Web page caption snippets
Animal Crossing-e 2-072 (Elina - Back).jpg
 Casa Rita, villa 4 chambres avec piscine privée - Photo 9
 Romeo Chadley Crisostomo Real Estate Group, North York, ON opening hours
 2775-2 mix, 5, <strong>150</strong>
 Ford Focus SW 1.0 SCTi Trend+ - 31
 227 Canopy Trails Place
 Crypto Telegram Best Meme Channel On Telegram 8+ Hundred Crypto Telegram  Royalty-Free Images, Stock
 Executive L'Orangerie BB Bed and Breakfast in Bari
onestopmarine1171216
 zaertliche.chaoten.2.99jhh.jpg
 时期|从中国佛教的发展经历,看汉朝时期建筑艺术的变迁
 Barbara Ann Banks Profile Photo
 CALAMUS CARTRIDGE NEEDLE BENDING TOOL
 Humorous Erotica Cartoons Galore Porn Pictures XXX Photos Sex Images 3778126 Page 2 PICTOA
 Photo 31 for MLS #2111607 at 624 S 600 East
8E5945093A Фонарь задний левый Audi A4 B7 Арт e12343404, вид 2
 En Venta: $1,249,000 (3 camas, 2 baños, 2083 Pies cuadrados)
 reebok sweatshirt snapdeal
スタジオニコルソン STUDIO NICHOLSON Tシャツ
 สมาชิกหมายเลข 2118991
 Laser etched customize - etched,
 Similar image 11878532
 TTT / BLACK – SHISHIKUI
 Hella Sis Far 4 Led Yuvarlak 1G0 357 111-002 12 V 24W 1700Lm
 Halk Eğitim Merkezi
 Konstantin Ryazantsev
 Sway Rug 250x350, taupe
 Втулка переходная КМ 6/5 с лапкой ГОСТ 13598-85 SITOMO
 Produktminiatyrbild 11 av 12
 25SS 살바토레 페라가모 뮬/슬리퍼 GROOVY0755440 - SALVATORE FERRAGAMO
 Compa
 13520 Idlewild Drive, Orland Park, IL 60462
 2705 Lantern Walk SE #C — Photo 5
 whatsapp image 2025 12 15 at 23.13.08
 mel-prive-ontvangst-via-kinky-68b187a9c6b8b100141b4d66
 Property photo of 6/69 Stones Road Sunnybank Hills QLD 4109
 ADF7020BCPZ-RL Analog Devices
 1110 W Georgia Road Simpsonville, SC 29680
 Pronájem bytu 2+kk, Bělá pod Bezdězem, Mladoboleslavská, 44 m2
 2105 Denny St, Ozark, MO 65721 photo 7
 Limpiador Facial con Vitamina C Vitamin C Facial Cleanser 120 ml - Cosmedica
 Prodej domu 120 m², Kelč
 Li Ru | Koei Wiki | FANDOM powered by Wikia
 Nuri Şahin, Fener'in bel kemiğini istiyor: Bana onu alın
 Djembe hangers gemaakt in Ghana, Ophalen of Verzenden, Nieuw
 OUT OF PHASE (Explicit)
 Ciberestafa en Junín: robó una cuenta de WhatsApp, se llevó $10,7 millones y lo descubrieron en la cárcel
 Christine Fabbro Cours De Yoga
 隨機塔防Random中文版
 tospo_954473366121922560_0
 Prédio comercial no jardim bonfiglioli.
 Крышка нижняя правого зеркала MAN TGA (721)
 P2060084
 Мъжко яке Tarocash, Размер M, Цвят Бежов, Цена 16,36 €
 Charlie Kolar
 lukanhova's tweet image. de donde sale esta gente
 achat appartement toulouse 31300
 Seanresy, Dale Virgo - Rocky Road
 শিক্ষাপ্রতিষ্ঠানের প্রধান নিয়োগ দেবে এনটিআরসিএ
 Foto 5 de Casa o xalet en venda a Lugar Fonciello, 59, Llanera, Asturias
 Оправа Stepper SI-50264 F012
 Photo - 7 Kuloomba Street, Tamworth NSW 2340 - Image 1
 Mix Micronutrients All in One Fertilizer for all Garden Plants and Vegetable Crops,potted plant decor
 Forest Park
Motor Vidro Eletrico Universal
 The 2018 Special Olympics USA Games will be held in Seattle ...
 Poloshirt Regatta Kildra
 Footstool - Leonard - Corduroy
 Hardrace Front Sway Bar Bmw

▶ Exercise goal: Write out the lines of the entries, word for word, from the first through the one containing "Humorous Erotica Cartoons", and stop at that line.

▶ Result of the exercise:
Animal Crossing-e 2-072 (Elina - Back).jpg
 Casa Rita, villa 4 chambres avec piscine privée - Photo 9
 Romeo Chadley Crisostomo Real Estate Group, North York, ON opening hours
 2775-2 mix, 5, <strong>150</strong>
 Ford Focus SW 1.0 SCTi Trend+ - 31
 227 Canopy Trails Place
 Crypto Telegram Best Meme Channel On Telegram 8+ Hundred Crypto Telegram  Royalty-Free Images, Stock
 Executive L'Orangerie BB Bed and Breakfast in Bari
onestopmarine1171216
 zaertliche.chaoten.2.99jhh.jpg
 时期|从中国佛教的发展经历,看汉朝时期建筑艺术的变迁
 Barbara Ann Banks Profile Photo
 CALAMUS CARTRIDGE NEEDLE BENDING TOOL
 Humorous Erotica Cartoons Galore Porn Pictures XXX Photos Sex Images 3778126 Page 2 PICTOA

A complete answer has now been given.